● **DATASET EXCERPT**
_ _ _ _ _

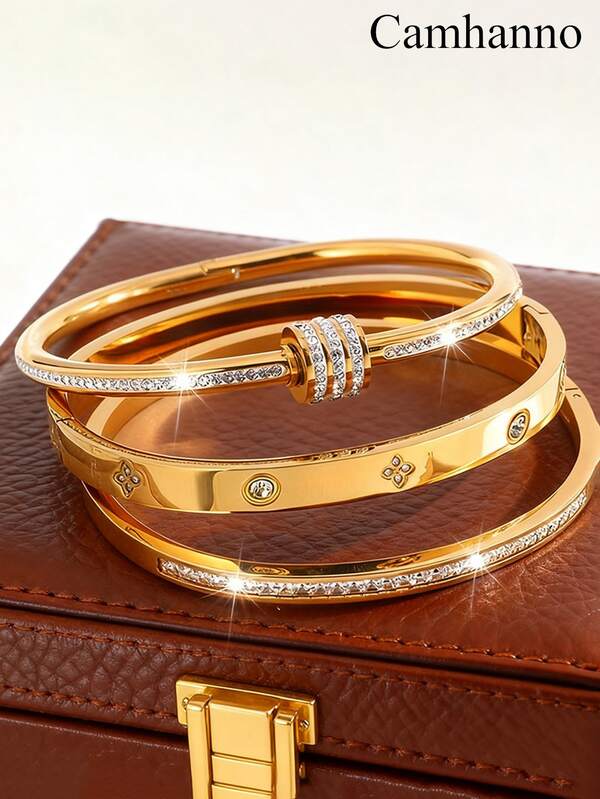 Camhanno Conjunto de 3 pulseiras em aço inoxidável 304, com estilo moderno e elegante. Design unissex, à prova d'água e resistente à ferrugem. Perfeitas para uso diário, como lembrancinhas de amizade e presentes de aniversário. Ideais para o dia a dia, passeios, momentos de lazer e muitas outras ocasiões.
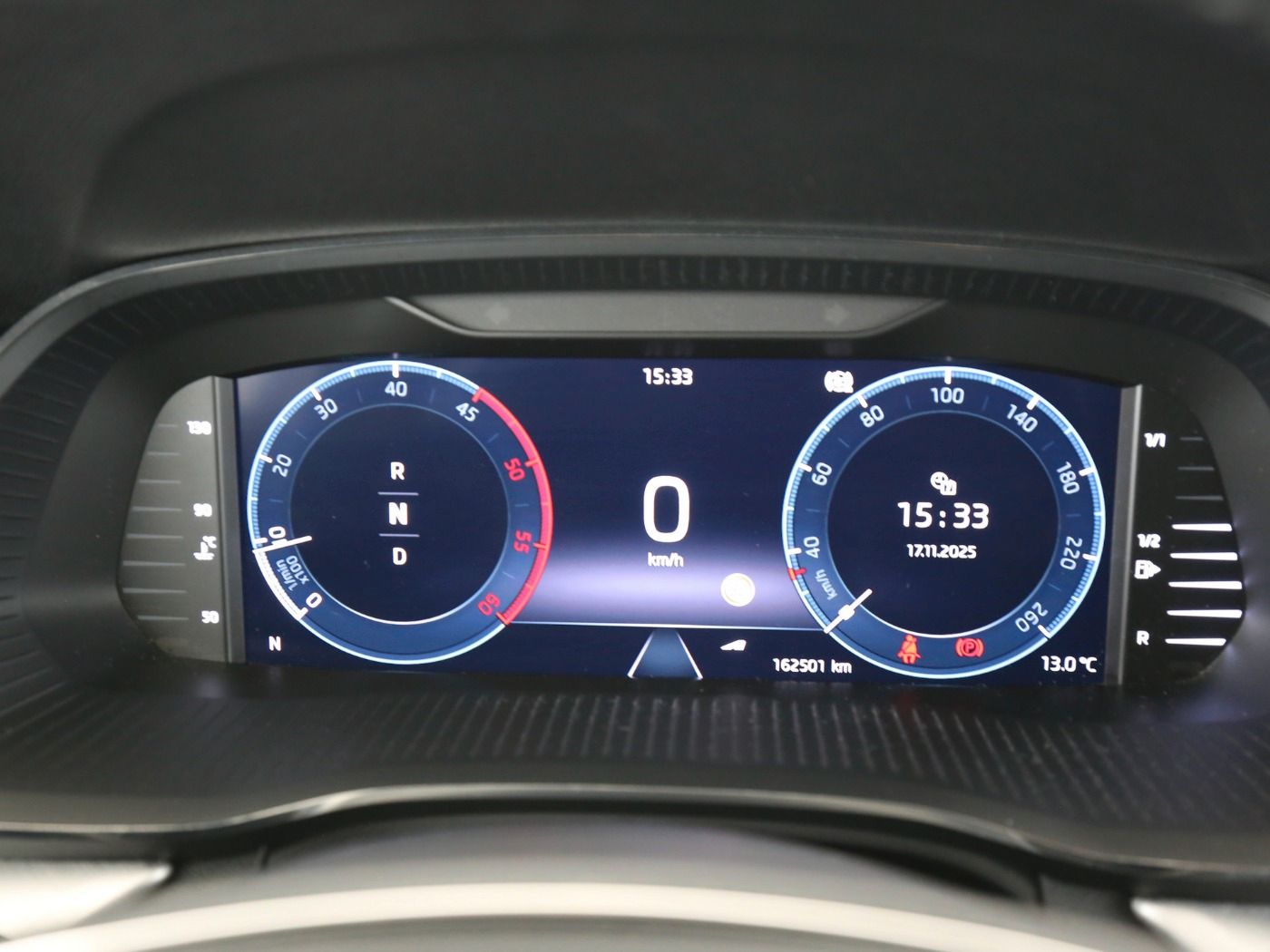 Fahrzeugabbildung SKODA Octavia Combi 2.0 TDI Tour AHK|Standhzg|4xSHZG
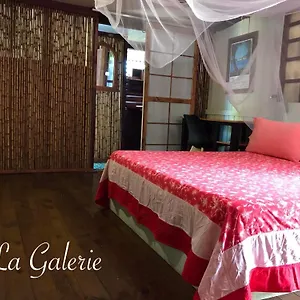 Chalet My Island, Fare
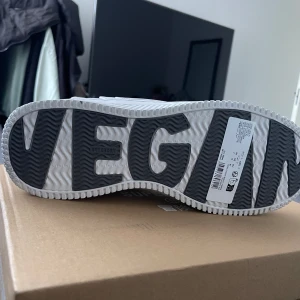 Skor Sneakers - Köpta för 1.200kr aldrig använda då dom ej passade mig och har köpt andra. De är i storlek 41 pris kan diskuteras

_ _ _ _ _

● **DIRECTIONS FOR THIS TASK**
Output the material verbatim, skipping the images.

● **OUTPUT FOR THIS TASK**
 Camhanno Conjunto de 3 pulseiras em aço inoxidável 304, com estilo moderno e elegante. Design unissex, à prova d'água e resistente à ferrugem. Perfeitas para uso diário, como lembrancinhas de amizade e presentes de aniversário. Ideais para o dia a dia, passeios, momentos de lazer e muitas outras ocasiões.
 Fahrzeugabbildung SKODA Octavia Combi 2.0 TDI Tour AHK|Standhzg|4xSHZG
 Chalet My Island, Fare
 Skor Sneakers - Köpta för 1.200kr aldrig använda då dom ej passade mig och har köpt andra. De är i storlek 41 pris kan diskuteras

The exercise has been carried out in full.